◆ **MATERIAL PROVIDED**
========================
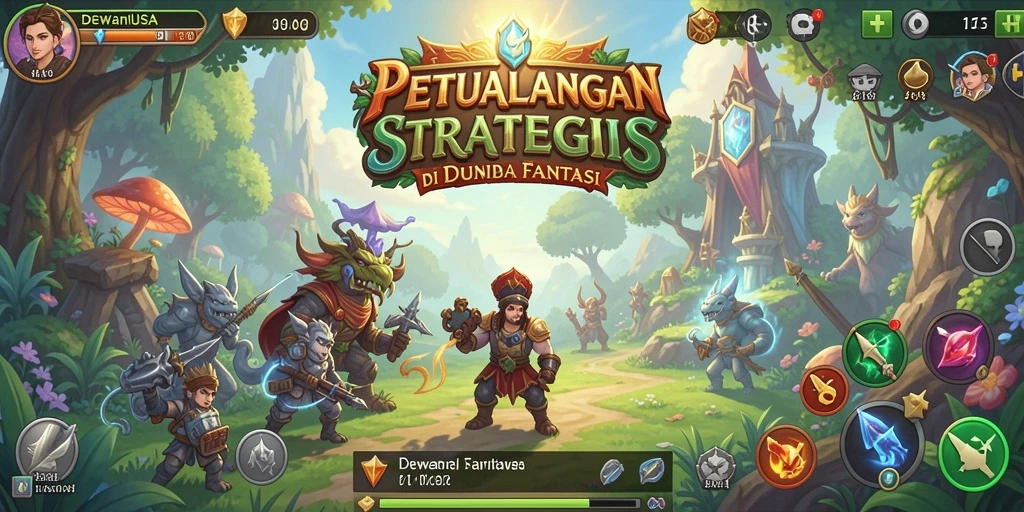 Tampilan menarik gameplay DEWANUSA dengan pertempuran strategis.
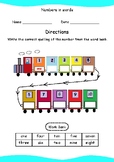 Numbers in Words Worksheets for Grade 1-2 & 3: Engaging and Educational 6 Pages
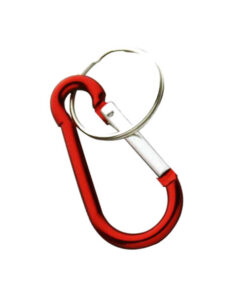 Nyckelring / Nyckelknippa Med Karbinkrok (Röd)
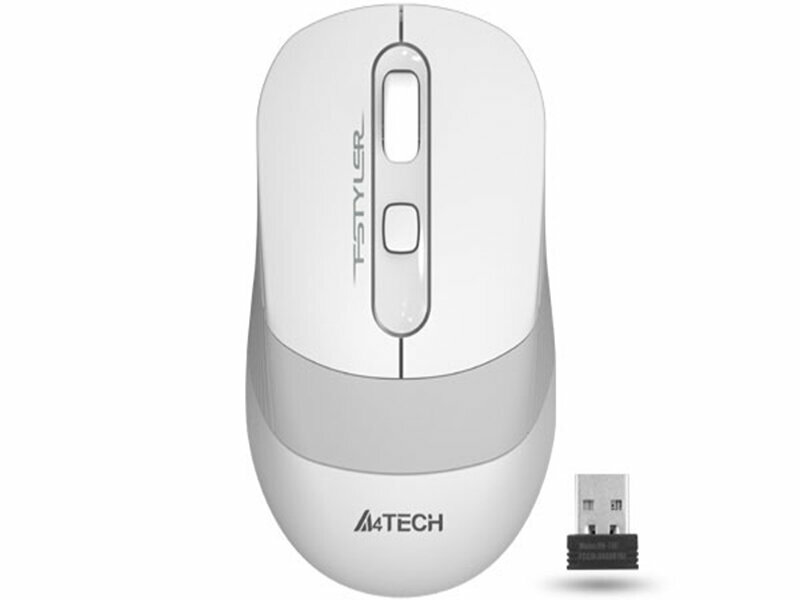 Мышь A4Tech Fstyler FG10S White-Grey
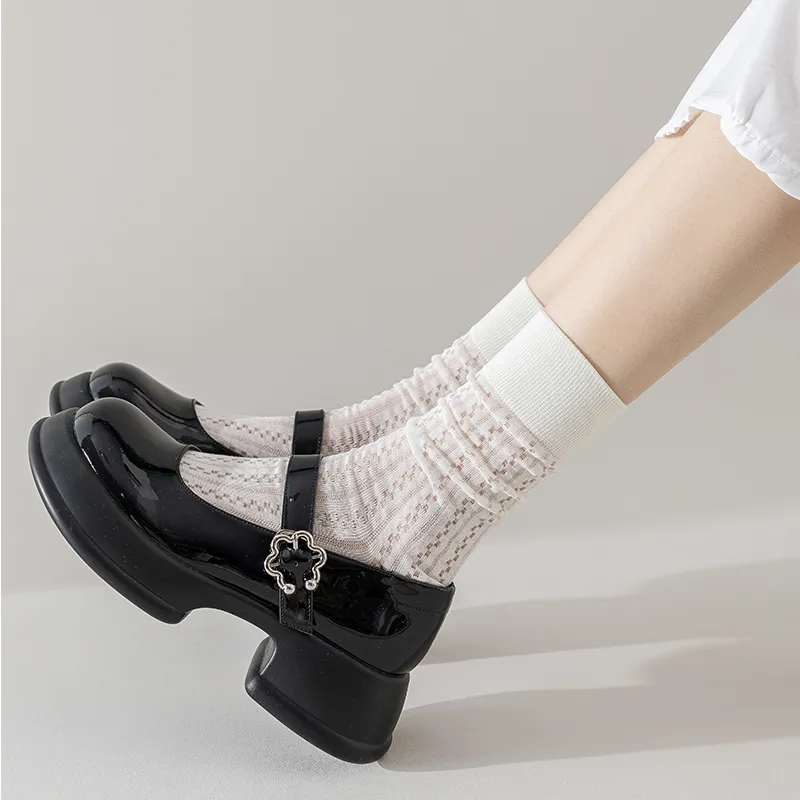 AOKANG Mid Calf Socks Women's 5 Pack-1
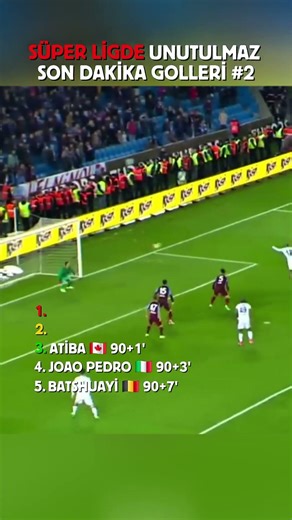 Süper Ligde Unutulmaz Son Dakika Golleri #2 ⏳️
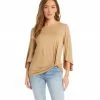 Karen Kane Flare Sleeve Pick Up Top Tops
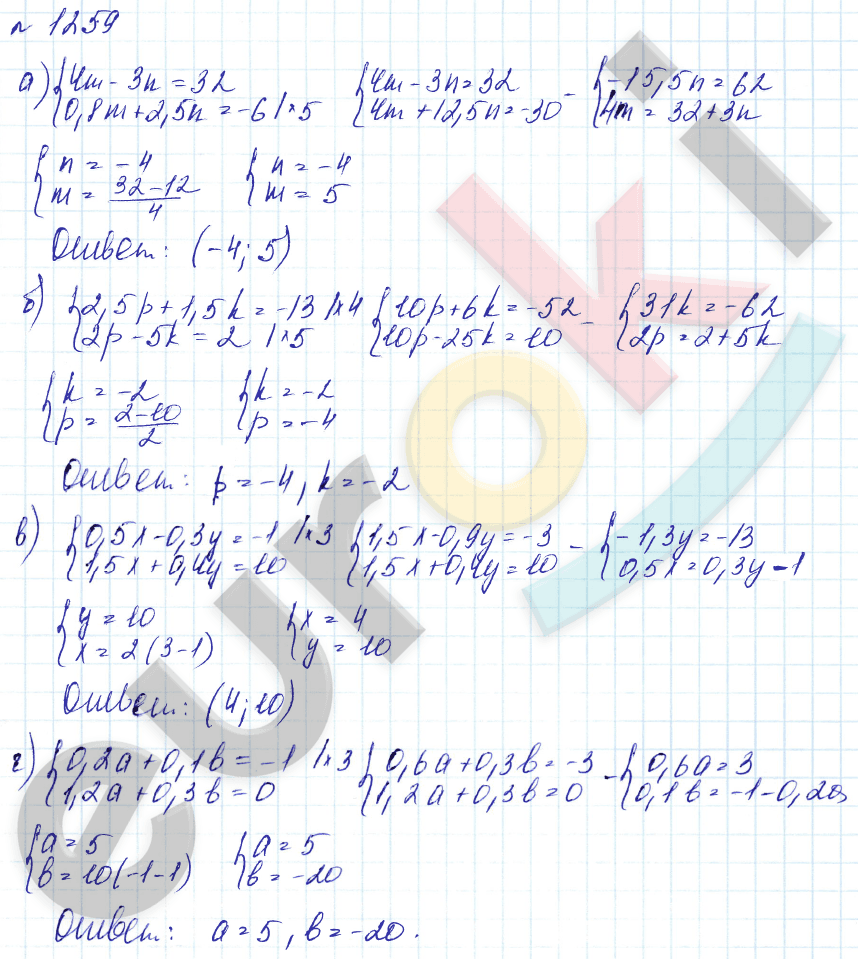 Алгебра 7 класс. Углубленный уровень Макарычев, Миндюк Задание 1259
========================
◆ **YOUR INSTRUCTIONS**
Repeat the lines exactly, starting with the line that contains "Numbers in Words" and ending with the last line of the entries. Keep both of those lines but no pictures.

◆ **EXERCISE RESULT**
 Numbers in Words Worksheets for Grade 1-2 & 3: Engaging and Educational 6 Pages
 Nyckelring / Nyckelknippa Med Karbinkrok (Röd)
 Мышь A4Tech Fstyler FG10S White-Grey
 AOKANG Mid Calf Socks Women's 5 Pack-1
 Süper Ligde Unutulmaz Son Dakika Golleri #2 ⏳️
 Karen Kane Flare Sleeve Pick Up Top Tops
 Алгебра 7 класс. Углубленный уровень Макарычев, Миндюк Задание 1259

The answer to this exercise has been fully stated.